For many years I worked as an abstract painter. I realized that left my audience outside my work so I returned to a representational language of painting because it was able to communicate to such a broad base of people.
I became very interested in European painting when I realized that there was an opportunity to paint Indigenous experience and histories and kind of authorize them into this art history that pretty much neglected our perspective.

Kent Monkman (Cree, b. 1965). mistikôsiwak (Wooden Boat People): Welcoming the Newcomers, 2019. Acrylic on canvas, 132 x 264 in. (335.28 x 670.6 cm). The Metropolitan Museum of Art, New York, Purchase, Donald R. Sobey Foundation CAF Canada Project Gift, 2020. Image courtesy of the artist © Kent Monkman
I wanted a persona to really reflect our point of view at the time that the colonial policies were beginning. So the singing of the treaties, the beginning of the residential school system, the removal—the dispossession—of my own people from our own land.
So I created Miss Chief Eagle Testickle to offer an Indigenous perspective on the European settlers and to also present a very empowered point of view of Indigenous sexuality pre-contact. We had our own traditions of gender and sexuality that didn’t fit the male-female binary.
Miss Chief is a legendary being.
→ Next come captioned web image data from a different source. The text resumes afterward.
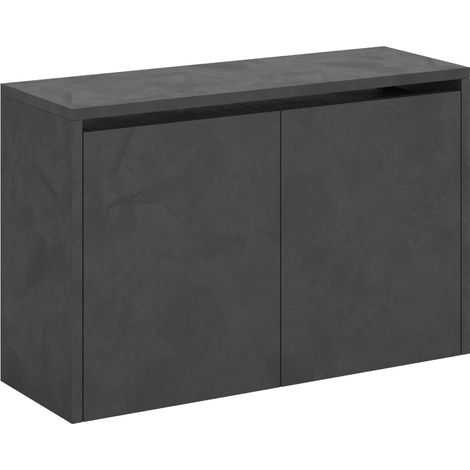 Panca inferiore allungabile 72x26/300 cm Evolve Antracite Spatolato (1/4)
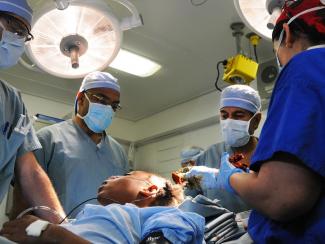 Patient on operating table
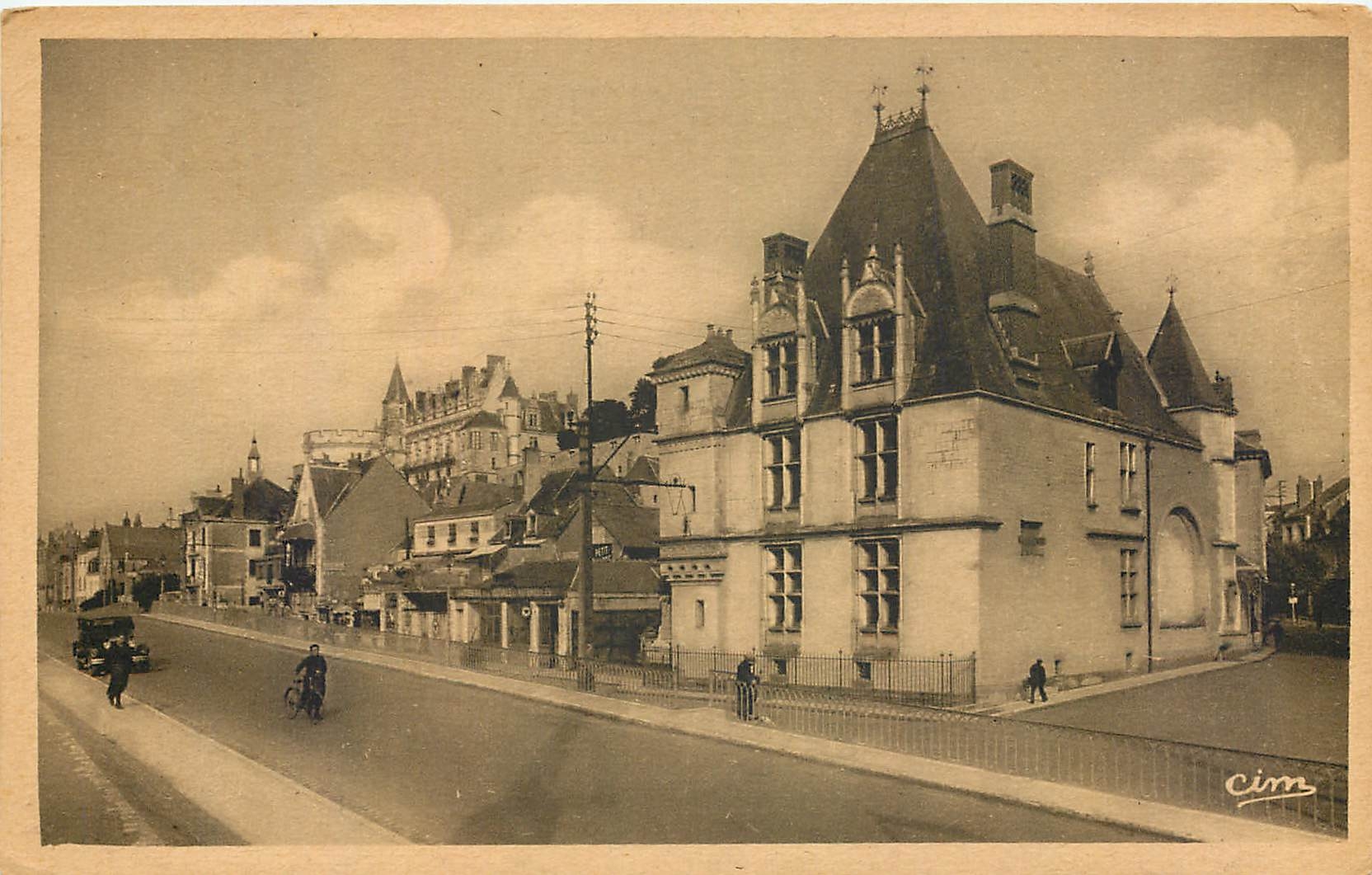 CPA Amboise I et L L'Hotel de Ville 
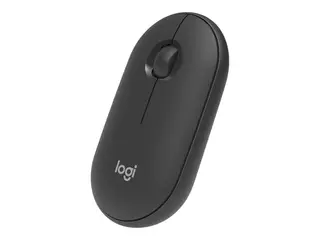 Logitech Pebble M350 - Mus - optisk - 3 knapper trådløs - 2.4 GHz, Bluetooth - USB trådløs mottaker - grafitt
She comes from the stars. There’s something very liberating about having an alter ego because it allows me to kind of act in a way different than I would normally act.

Kent Monkman (Cree, b. 1965). mistikôsiwak (Wooden Boat People): Resurgence of the People, 2019. Acrylic on canvas, 132 x 264 in. (335.28 x 670.6 cm). The Metropolitan Museum of Art, New York, Purchase, Donald R. Sobey Foundation CAF Canada Project Gift, 2020. Image courtesy of the artist © Kent Monkman
Miss Chief brings something to my practice that I didn’t have as just a painter. She allows me to be more playful in my work because she inhabits a sexiness and sassiness. She allows me to lighten how I treat sometimes very dark subject matter because I’m looking at effectively a genocide.
This 150th celebration at The Met is a real opportunity to think about the experience of Indigenous people. There have been a lot of dark chapters that have really impacted us.
A lot of museums are predominantly colonial institutions in that they’re inherently from this tradition of Western art-making. I think this is a turning point. The Met is encouraging shared perspectives on its own history and its own collection. You can decenter the conversation.